Stop Losing Q3 Revenue to Preventable Wound Care Billing Problems
MBC’s Wound Care Revenue Integrity Review identifies your top denial drivers, supply charge gaps, and LCD compliance risks — and delivers a remediation roadmap within 10 business days. Most practices recover $60,000–$180,000 in previously written-off revenue within the first quarter.
Request your Wound Care Revenue Integrity Review today.
Review our Wound Care Billing Services and pricing options to see how MBC structures engagements for practices at your volume.

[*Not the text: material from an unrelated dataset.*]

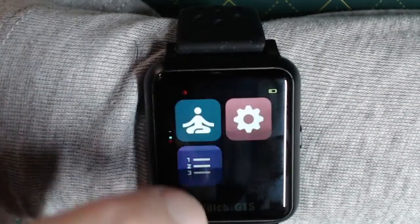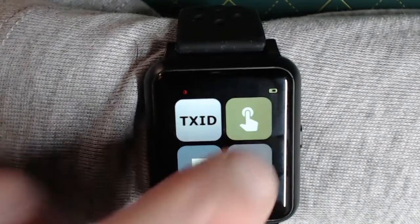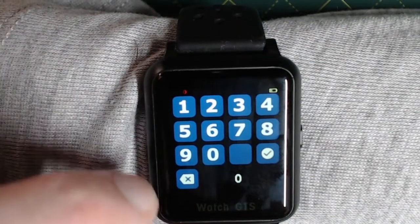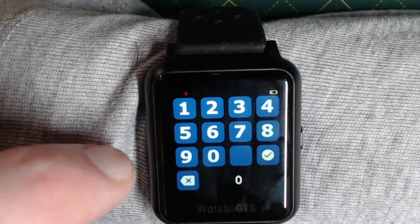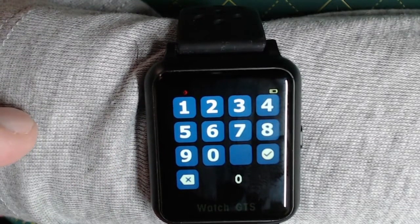Let's look at starting a sensor. Go to the Xtrip menu and then enter the sensor code. For G5, you just enter zero. For G6, you enter the sensor code — or if you want to use no-code mode, you just enter zero here as well.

Call: 888-357-3226 | Email: info@medicalbillersandcoders.com
FAQs: Wound Care Billing Problems
Insufficient medical necessity documentation is the leading denial driver — specifically, missing wound measurements, inadequate treatment plan documentation, and failure to document prior treatment failure. CMS and MAC LCDs require these elements on every claim.
MAC LCDs are reviewed and updated on an ongoing basis. CMS also issues NCCI edit updates quarterly. Practices relying on static internal coding guidelines without quarterly policy reviews are consistently operating on outdated rules — one of the most avoidable wound care billing problems.
Yes, but only with Modifier 25 appended to the E/M code to indicate a separately identifiable evaluation and management service. Without Modifier 25, the E/M will bundle into the procedure and be denied. This is one of the most frequently cited wound care billing problems in post-payment audits.
Yes. Biological skin substitutes use Q-codes specific to each product, require separate medical necessity documentation, prior authorization from many payers, and compliance with CMS’s applicable payment policies. Standard wound care supply A-codes do not apply to these products.
Practices implementing corrected coding protocols and LCD-compliant documentation templates typically see measurable improvement in first-pass claim acceptance within 30–45 days. Revenue recovery from appealed denied claims follows within 60–90 days depending on payer appeal timelines.

A Senior Sales Manager with 18 years of experience in wound care billing services, healthcare sales, and provider relationship management. Passionate about increasing awareness of effective wound care solutions while helping healthcare organizations improve revenue performance, operational efficiency, and patient outcomes.